- **The task**
In the data below, the answer is the run of lines from the line containing "Açık Kahverengi Slim" through the line containing "Set di 4 sedie Hiller, Germania, anni '70", both included; print it exactly and nothing else.

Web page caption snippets
--------
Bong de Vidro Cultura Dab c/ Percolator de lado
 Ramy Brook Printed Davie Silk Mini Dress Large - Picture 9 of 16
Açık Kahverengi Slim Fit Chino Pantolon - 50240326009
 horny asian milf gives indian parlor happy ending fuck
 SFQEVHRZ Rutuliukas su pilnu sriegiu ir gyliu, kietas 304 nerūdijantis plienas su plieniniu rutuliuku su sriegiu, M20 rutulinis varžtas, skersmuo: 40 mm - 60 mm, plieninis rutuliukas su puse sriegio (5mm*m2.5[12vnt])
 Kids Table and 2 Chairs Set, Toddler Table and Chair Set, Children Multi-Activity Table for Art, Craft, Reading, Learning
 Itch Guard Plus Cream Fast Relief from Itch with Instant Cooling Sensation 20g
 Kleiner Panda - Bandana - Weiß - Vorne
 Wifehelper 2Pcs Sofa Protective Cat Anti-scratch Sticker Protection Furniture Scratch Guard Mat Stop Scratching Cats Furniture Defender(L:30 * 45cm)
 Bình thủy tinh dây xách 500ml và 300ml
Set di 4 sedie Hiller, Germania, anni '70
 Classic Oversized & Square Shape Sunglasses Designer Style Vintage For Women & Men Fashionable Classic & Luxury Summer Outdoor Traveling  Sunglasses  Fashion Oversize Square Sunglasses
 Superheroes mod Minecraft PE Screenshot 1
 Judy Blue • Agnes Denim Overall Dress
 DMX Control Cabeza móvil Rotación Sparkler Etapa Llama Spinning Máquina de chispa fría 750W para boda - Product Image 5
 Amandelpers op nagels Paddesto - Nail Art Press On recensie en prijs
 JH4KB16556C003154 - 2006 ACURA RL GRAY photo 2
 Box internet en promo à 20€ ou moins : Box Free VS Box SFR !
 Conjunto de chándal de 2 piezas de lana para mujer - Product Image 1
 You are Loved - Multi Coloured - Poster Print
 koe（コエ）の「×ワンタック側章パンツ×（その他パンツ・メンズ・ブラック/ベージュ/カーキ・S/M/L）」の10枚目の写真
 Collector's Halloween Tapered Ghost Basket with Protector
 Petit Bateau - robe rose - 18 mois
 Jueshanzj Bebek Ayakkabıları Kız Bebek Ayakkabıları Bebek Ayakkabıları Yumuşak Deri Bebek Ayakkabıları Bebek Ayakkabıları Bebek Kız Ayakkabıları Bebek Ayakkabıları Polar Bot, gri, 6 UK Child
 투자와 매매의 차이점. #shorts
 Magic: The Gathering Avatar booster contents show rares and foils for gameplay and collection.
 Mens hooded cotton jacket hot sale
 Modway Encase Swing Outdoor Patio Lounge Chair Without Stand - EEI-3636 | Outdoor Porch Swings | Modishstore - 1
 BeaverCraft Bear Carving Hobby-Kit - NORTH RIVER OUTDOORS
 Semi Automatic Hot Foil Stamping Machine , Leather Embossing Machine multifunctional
--------
- **Task output**
Açık Kahverengi Slim Fit Chino Pantolon - 50240326009
 horny asian milf gives indian parlor happy ending fuck
 SFQEVHRZ Rutuliukas su pilnu sriegiu ir gyliu, kietas 304 nerūdijantis plienas su plieniniu rutuliuku su sriegiu, M20 rutulinis varžtas, skersmuo: 40 mm - 60 mm, plieninis rutuliukas su puse sriegio (5mm*m2.5[12vnt])
 Kids Table and 2 Chairs Set, Toddler Table and Chair Set, Children Multi-Activity Table for Art, Craft, Reading, Learning
 Itch Guard Plus Cream Fast Relief from Itch with Instant Cooling Sensation 20g
 Kleiner Panda - Bandana - Weiß - Vorne
 Wifehelper 2Pcs Sofa Protective Cat Anti-scratch Sticker Protection Furniture Scratch Guard Mat Stop Scratching Cats Furniture Defender(L:30 * 45cm)
 Bình thủy tinh dây xách 500ml và 300ml
Set di 4 sedie Hiller, Germania, anni '70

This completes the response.